The first step in buying or building a canopy is to decide what diameter tubing is appropriate for the canopy size you are interested in. The frame diameter is probably the most important factor in any canopy decision. Do Not Be Fooled By Low Prices! Just because you see party tents, canopies or portable garages that are marked at an unbelievably low price does not mean it is a good purchase. A good general guideline for appropriate frame diameter is the following. Canopy frames that have dimensions of 18' W x 20' L or less should have a minimum pipe diameter of 1-3/8" and be made preferably out of galvanized steel. For canopy frames that have dimensions of 20' W x 20' L a minimum pipe diameter of 1-5/8" or more should be required. Pipe Gauge is another important factor when determining the frame size and diameter. Pipe Gauge is the thickness of the pipe wall and is a key element in determining how sturdy the canopy will be. Canopy frames that use pipe with a gauge higher than 18 should be avoided at all times. When dealing with tubing remember that as the number increases the pipe wall thickness decreases. A 24-gauge pipe is much thinner than an 18-gauge pipe. If the pipe wall thickness is too thin there is a greater likelihood that the canopy will collapse the first windstorm you encounter.
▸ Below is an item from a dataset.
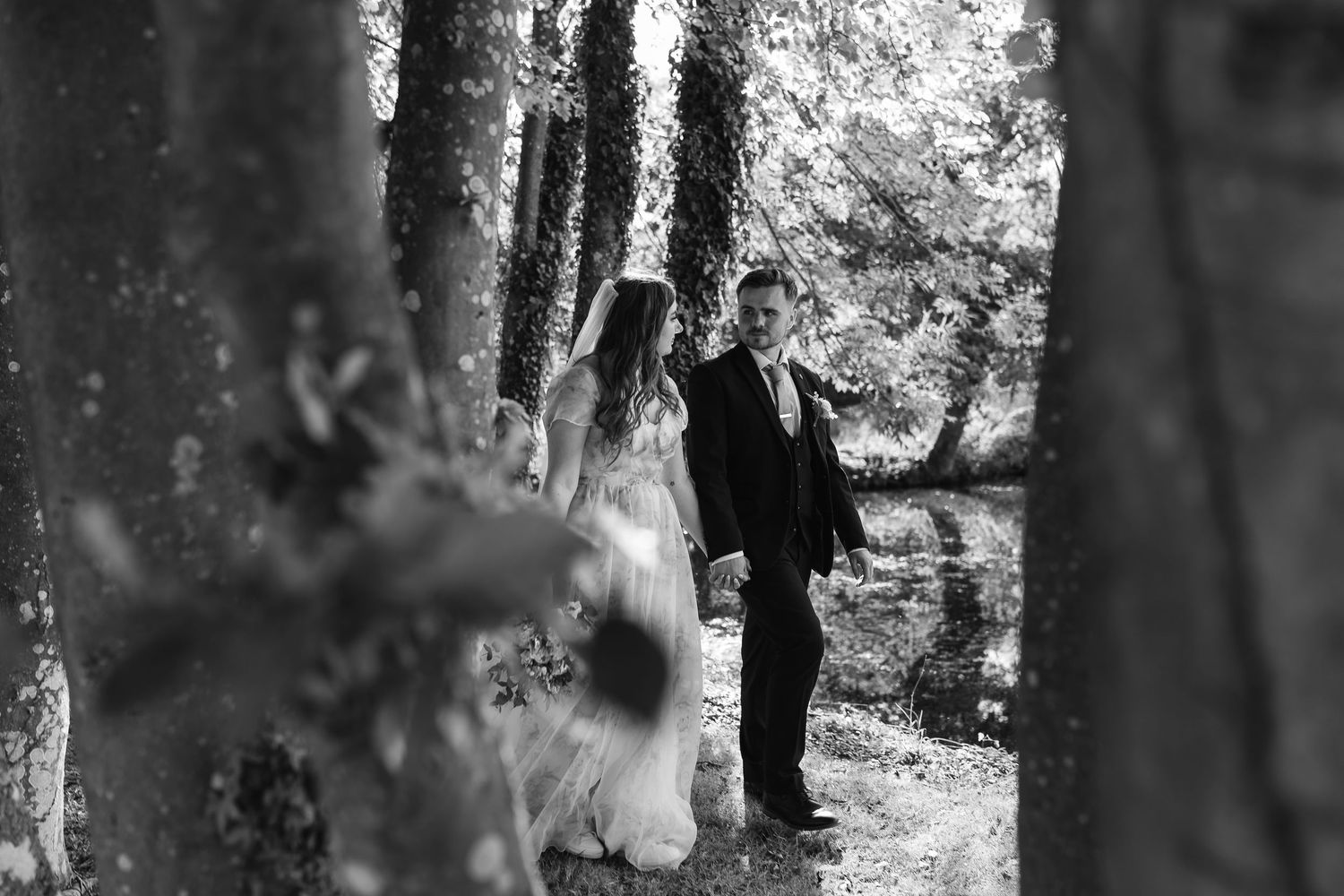 Black and white photo of bride and groom walking among tall trees at woodland wedding venue.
The second step in buying or building a canopy is to decide on the desired angle. The three main styles of canopies on the market today include the Flat Roof, the Low Peak and the High Peak. The most common of the three is the High Peak angle or A-Frame. The Flat Roof canopy features a 90-degree angle and is good for short-term shade protection or one day events such as flea markets. The Flat Roof canopy is not the best choice if you are looking for long-term coverage or all season protection. Although the Flat Roof canopy is highly functional, the flat top shape is not ideal for rain or snow. Since there is no angle to the roof, rain and snow can build up on the surface and cause collapse. For regions with fair weather and non-existent snowfall, the Low Peak style is a nice choice. The Low Peak canopy features a 110-degree angle and is considered a shallow pitch. The slight angle provides some shape for rain to run off but is still better suited for environments without severe, year round weather. However, the Low Peak canopy is ideal for neighborhoods that do not allow objects to show above the fence line. The High Peak angle is the most popular style for canopies and features a high angle 120-degree pitch. The High Pitch design is ideal for the shedding of snow and water. The steep angle prevents snow and water from building up on the canopy frame. The result is a sturdy all weather canopy frame that will last season after season.